Open cspotcode opened 3 months ago

cspotcode commented 3 months ago

This question confused me, is the answer incorrect, is that だ suffix erroneous?

It says it wants the plain form of the adjective, but then the answer has だ appended to the plain form.

I tried searching for the answer it expected on jisho, and it's interpreting the だ suffix as a separate word. https://jisho.org/search/%E6%84%8F%E5%9C%B0%E6%82%AA%E3%81%A0

image

christopherball commented 3 months ago

Here's my take on your question. While い-adjectives have だ・です essentially built into them, should someone choose to add だ・です to their end, it's purely for politeness reasons. In contrast, な-adjectives do not have だ・です built-in, and thus require them for conveying conjugated forms. Here's a couple grammar guides touching on these points:

https://www.tofugu.com/japanese-grammar/na-adjective/ https://www.japanistry.com/adjectives/

stmarier commented 2 months ago

I agree with jisho that だ in this situation is a separate word. It's true that you need it in a sentence for the sentence to be grammatically correct, but the prompt is not to construct a grammatically correct sentence, it's just to make the word "affirmative", which in this case is simply 意地悪.

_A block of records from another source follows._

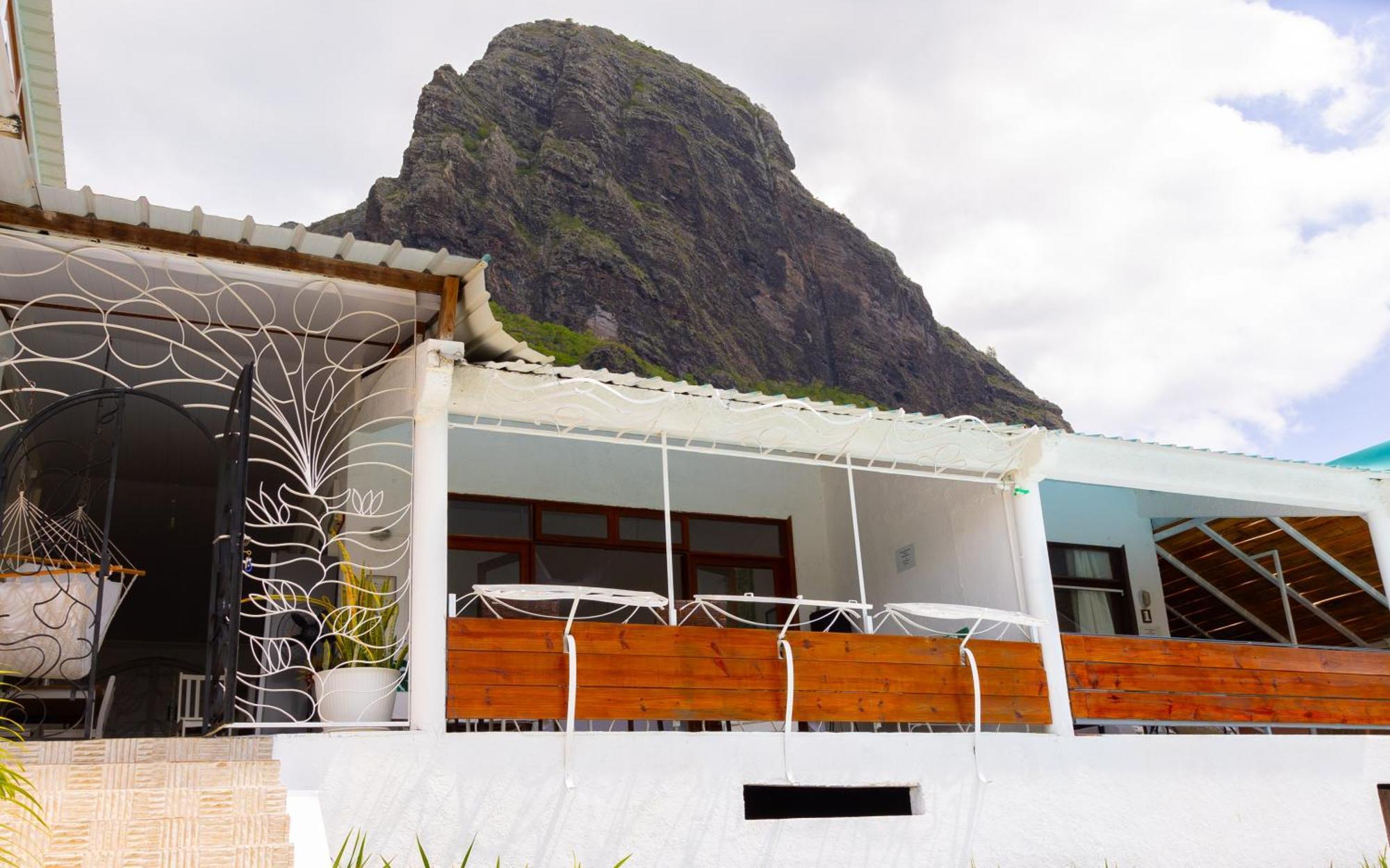 Appartement Ma Vie La Le Morne
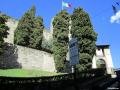 Bergamo's Rocca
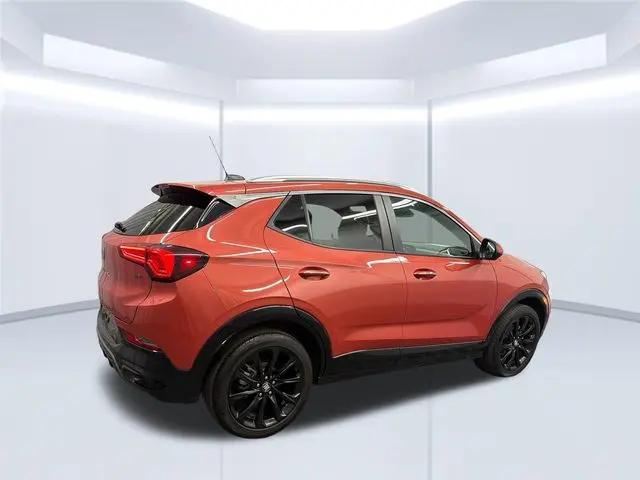 2024 Buick Encore GX Sport Touring AWD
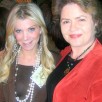Dr. Robi and Julie Eckhert of Eckhert Talent Management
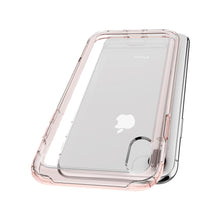 Load image into Gallery viewer, iPhone XR Case Slim Armor Crystal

christopherball commented 2 months ago

If it were to ask you to provide the past tense form, you'd say 意地悪だった. Given this rationale, 意地悪だ seems like a reasonable expectation for the affirmative form. Sure, you can leave だ off if you want to, but you're mixing levels of casualness if you do, as だ and じゃない are the same casual level, whereas completely leaving だ off would be even more casual.

Edit: Figured I'd check what ChatGPT had to say on this matter and it appears to agree with my sentiment: image

cspotcode commented 2 months ago

Thanks for looking at this!

Interestingly, ChatGPT says "omit だ at the end of the sentence" not "omit it from the word" which makes sense cuz it's a separate word.

And the Drill app tells me "the answer is the plain form of the word" even though it's actually multiple words.

What I didn't realize is that, even in the negative form, じゃない is a separate word, not part of the adjective. I didn't realize that the negative form presented by the quiz is actually multiple words.

At the end of the day my goal is to learn Japanese, not split hairs, so I do want to learn to include the extra word だ. But I also want to learn that it's a separate word, not a syllable of the adjective. I wonder if there's a reasonable way for the Drill's UI to teach me that when it explains the answer?

Does the quiz show the affirmative "意地悪 だ" (including da) and ask the user to convert to the negative "意地悪 じゃない"?

cspotcode commented 2 months ago

I just did a quiz with na adjectives and now I get it: they've always got that auxiliary verb and/or copula appended to them. It's technically separate word(s). Now that I realize the questions are always multiple words, it makes sense how the answers are multiple words. It's quizzing me on phrases, not words, because that's how na-adjectives work.

Thanks again for discussing this and helping me understand what's going on here.